Tutorial

Welcome

Welcome to the GraphAlg tutorial. GraphAlg is a domain-specific programming language for writing graph algorithms. As you will soon see, with GraphAlg you can use familiar linear algebra operations such as matrix multiplication to analyze graphs. GraphAlg is designed to be embedded into database systems, allowing you to run complex user-defined graph algorithms without leaving your DBMS.

This guide is designed for new users that want to learn how to write graph algorithms in GraphAlg. To follow along, all you need are:

Basic programming skills in another language (Python, JavaScript, etc.)
Rudimentary knowledge of linear algebra (Matrix multiplication).

A First Example

Let us start with an example program to introduce key concepts of the GraphAlg language. Try running it by pressing the Run button!.

Running example programs

The examples shown in this tutorial run inside your own browser using WebAssembly.

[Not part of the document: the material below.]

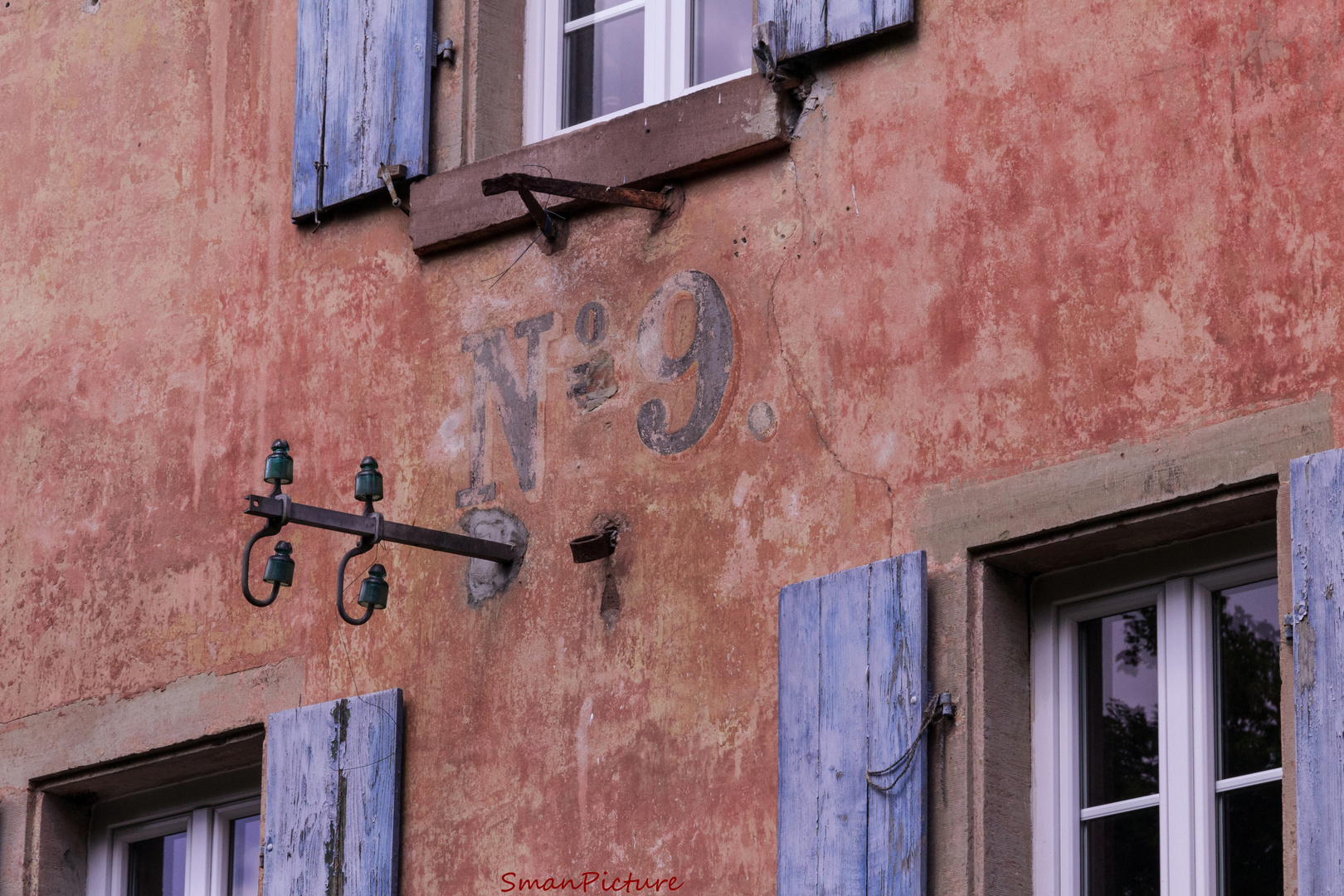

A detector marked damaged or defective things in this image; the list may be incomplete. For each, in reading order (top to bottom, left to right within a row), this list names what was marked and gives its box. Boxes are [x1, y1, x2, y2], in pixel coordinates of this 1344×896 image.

rusty metal support [478, 171, 670, 242]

You can modify and run examples as much as you want.

The name of the function to execute appears in the Run button above the editor. To see the values of the parameters passed to the function, click on the Argument accordions below the editor to expand them.

If you write an invalid program, the editor will underline the part of your program that is incorrect. Hover over the underlined code to see the error message, or click Run to show the error messages below the editor.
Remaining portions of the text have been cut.